**What the task requires**
Your answer must be an exact copy of the records below, with no pictures in it.

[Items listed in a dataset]

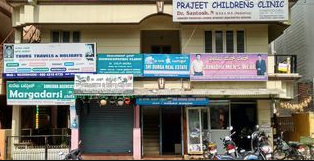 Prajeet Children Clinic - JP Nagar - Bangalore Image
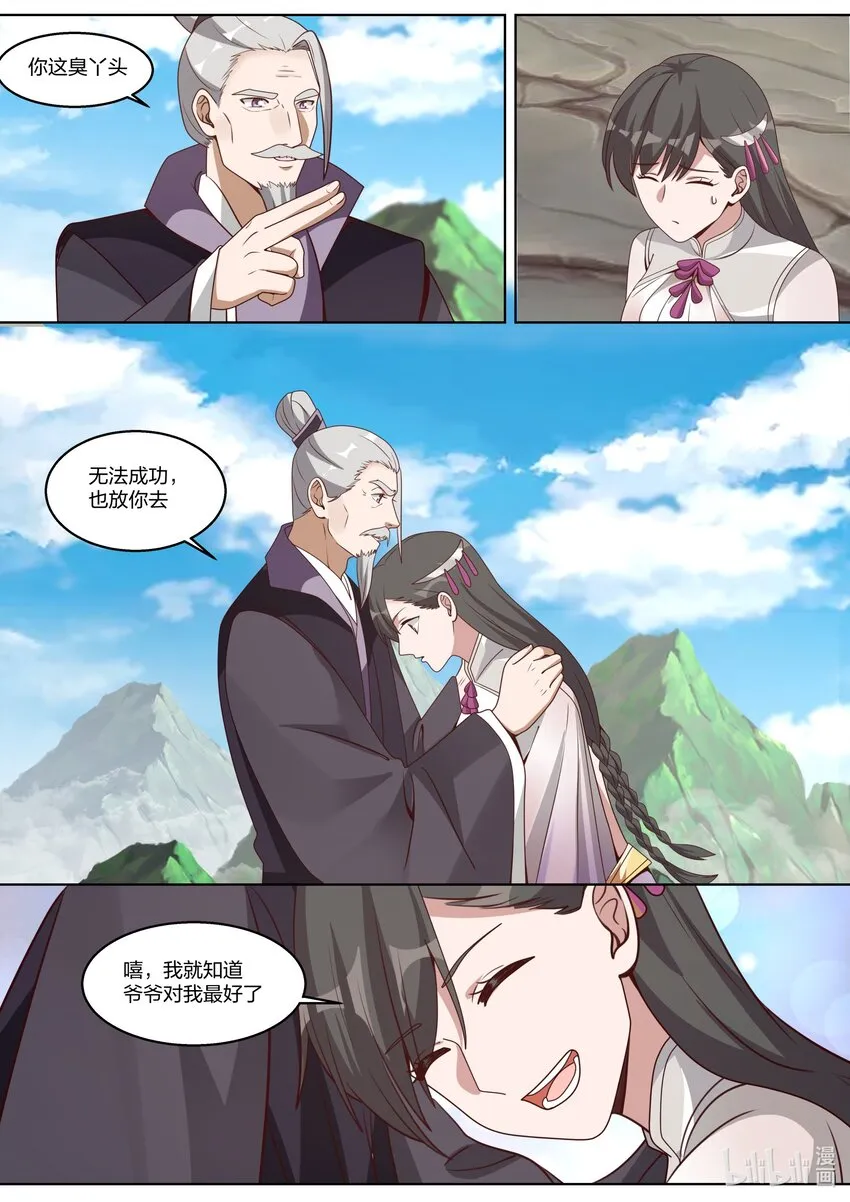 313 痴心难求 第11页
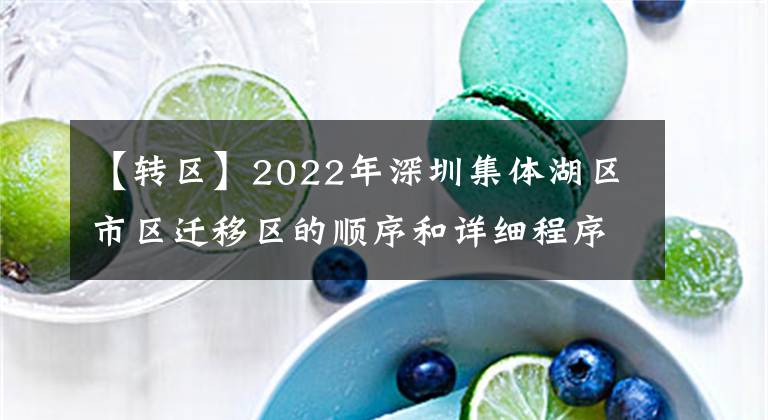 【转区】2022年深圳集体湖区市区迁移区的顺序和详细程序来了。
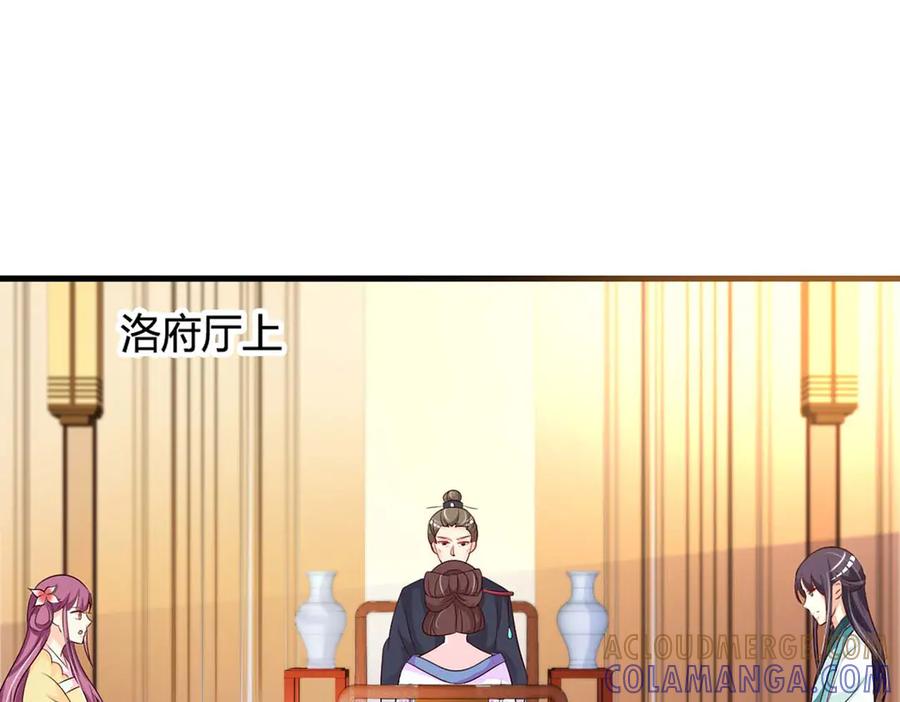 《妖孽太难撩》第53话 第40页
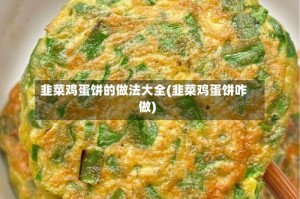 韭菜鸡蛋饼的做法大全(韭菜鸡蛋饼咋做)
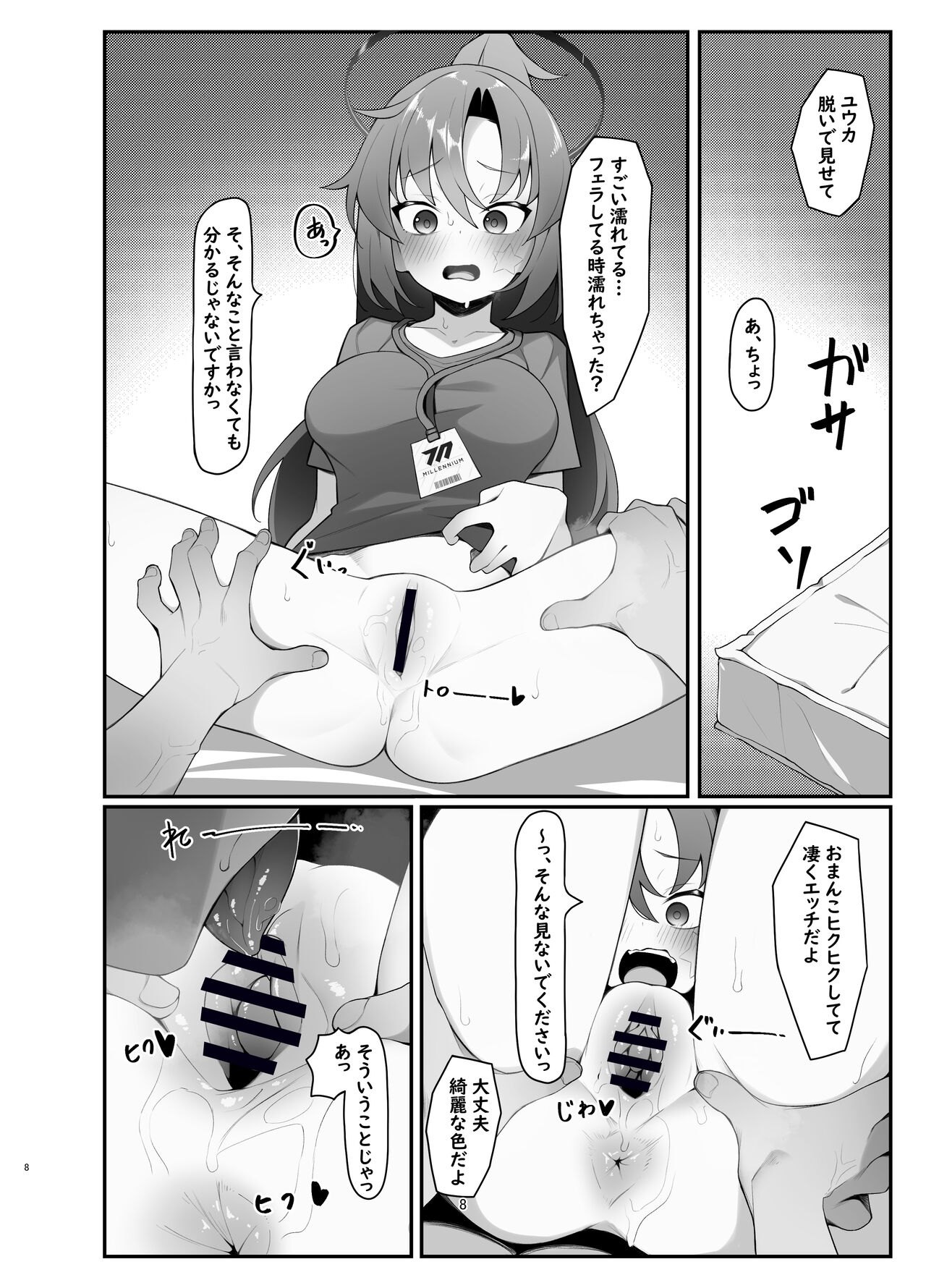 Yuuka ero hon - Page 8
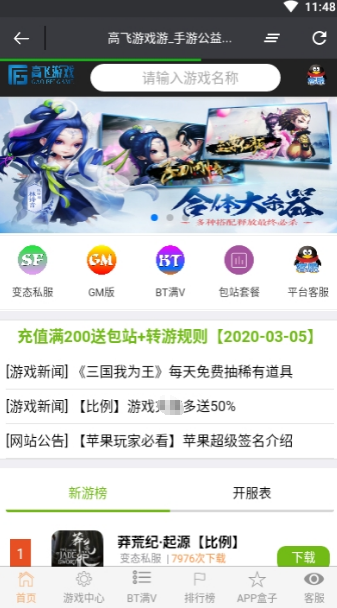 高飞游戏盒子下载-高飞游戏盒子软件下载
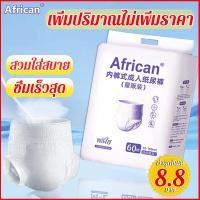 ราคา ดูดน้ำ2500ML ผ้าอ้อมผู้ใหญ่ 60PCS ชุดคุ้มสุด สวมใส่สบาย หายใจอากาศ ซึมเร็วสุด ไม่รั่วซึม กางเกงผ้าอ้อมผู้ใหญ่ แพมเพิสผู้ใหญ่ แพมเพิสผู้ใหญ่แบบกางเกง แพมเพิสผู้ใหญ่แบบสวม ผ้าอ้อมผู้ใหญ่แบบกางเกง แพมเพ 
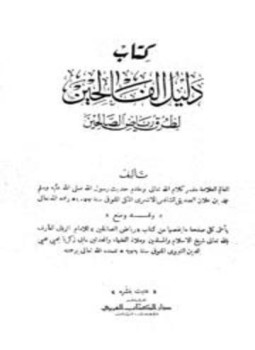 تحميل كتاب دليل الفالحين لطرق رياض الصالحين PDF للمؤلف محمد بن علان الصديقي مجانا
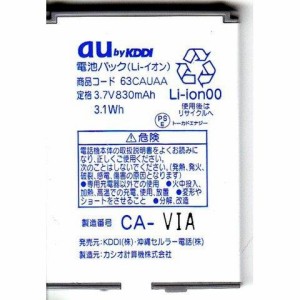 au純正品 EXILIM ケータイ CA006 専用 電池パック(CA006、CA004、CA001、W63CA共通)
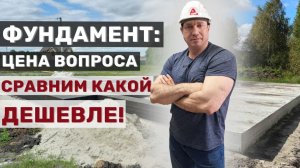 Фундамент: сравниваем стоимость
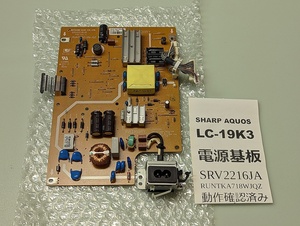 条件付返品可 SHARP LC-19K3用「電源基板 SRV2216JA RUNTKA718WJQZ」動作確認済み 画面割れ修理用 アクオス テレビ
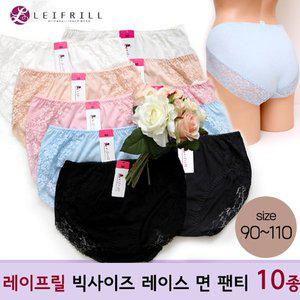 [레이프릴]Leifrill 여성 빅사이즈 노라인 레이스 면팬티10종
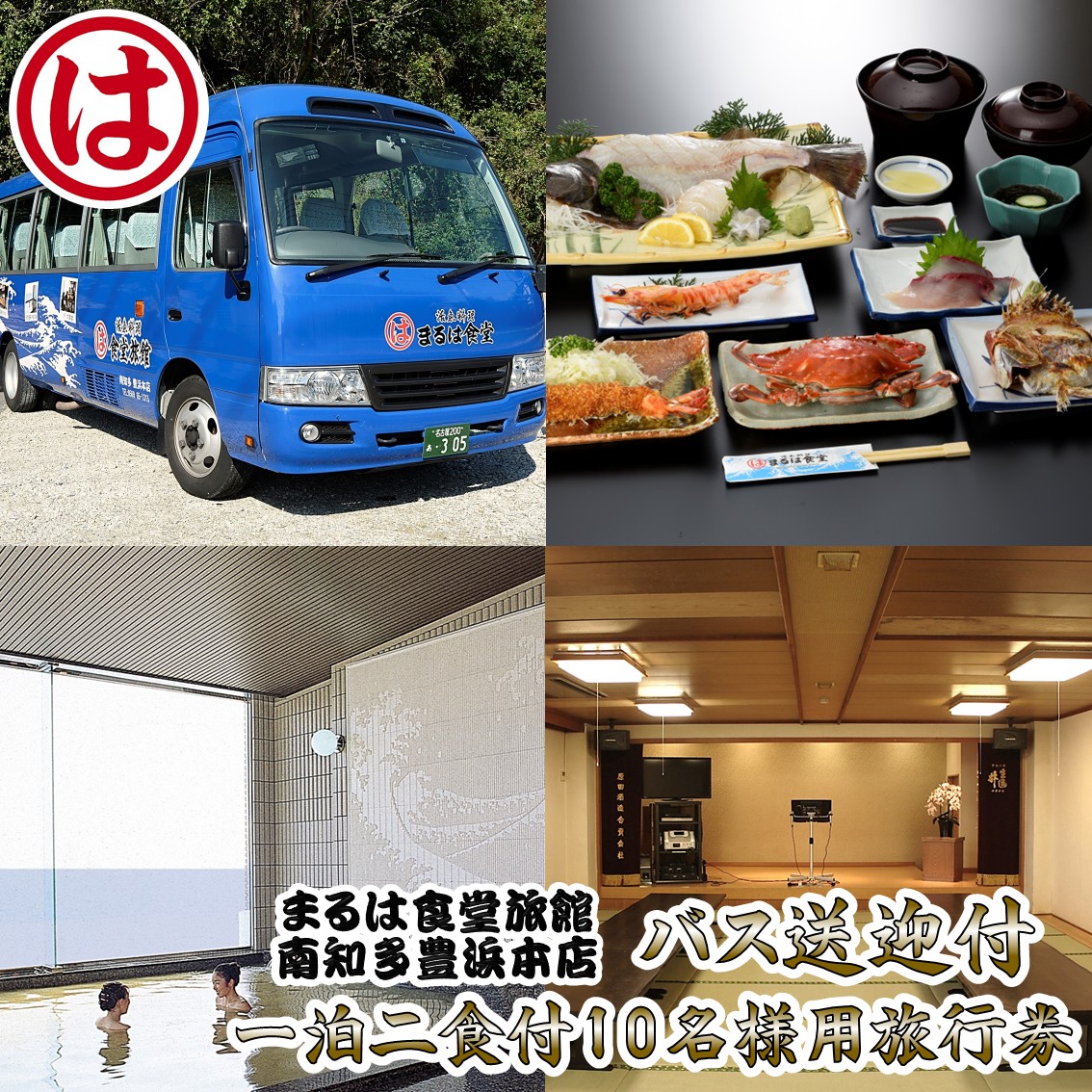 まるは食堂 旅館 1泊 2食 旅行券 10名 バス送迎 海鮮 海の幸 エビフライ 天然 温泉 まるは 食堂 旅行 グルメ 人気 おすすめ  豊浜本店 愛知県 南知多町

**Answer section**
 Prajeet Children Clinic - JP Nagar - Bangalore Image
 313 痴心难求 第11页
 【转区】2022年深圳集体湖区市区迁移区的顺序和详细程序来了。
 《妖孽太难撩》第53话 第40页
 韭菜鸡蛋饼的做法大全(韭菜鸡蛋饼咋做)
 Yuuka ero hon - Page 8
 高飞游戏盒子下载-高飞游戏盒子软件下载
 ราคา ดูดน้ำ2500ML ผ้าอ้อมผู้ใหญ่ 60PCS ชุดคุ้มสุด สวมใส่สบาย หายใจอากาศ ซึมเร็วสุด ไม่รั่วซึม กางเกงผ้าอ้อมผู้ใหญ่ แพมเพิสผู้ใหญ่ แพมเพิสผู้ใหญ่แบบกางเกง แพมเพิสผู้ใหญ่แบบสวม ผ้าอ้อมผู้ใหญ่แบบกางเกง แพมเพ 
 تحميل كتاب دليل الفالحين لطرق رياض الصالحين PDF للمؤلف محمد بن علان الصديقي مجانا
 au純正品 EXILIM ケータイ CA006 専用 電池パック(CA006、CA004、CA001、W63CA共通)
 Фундамент: сравниваем стоимость
 条件付返品可 SHARP LC-19K3用「電源基板 SRV2216JA RUNTKA718WJQZ」動作確認済み 画面割れ修理用 アクオス テレビ
 [레이프릴]Leifrill 여성 빅사이즈 노라인 레이스 면팬티10종
 まるは食堂 旅館 1泊 2食 旅行券 10名 バス送迎 海鮮 海の幸 エビフライ 天然 温泉 まるは 食堂 旅行 グルメ 人気 おすすめ  豊浜本店 愛知県 南知多町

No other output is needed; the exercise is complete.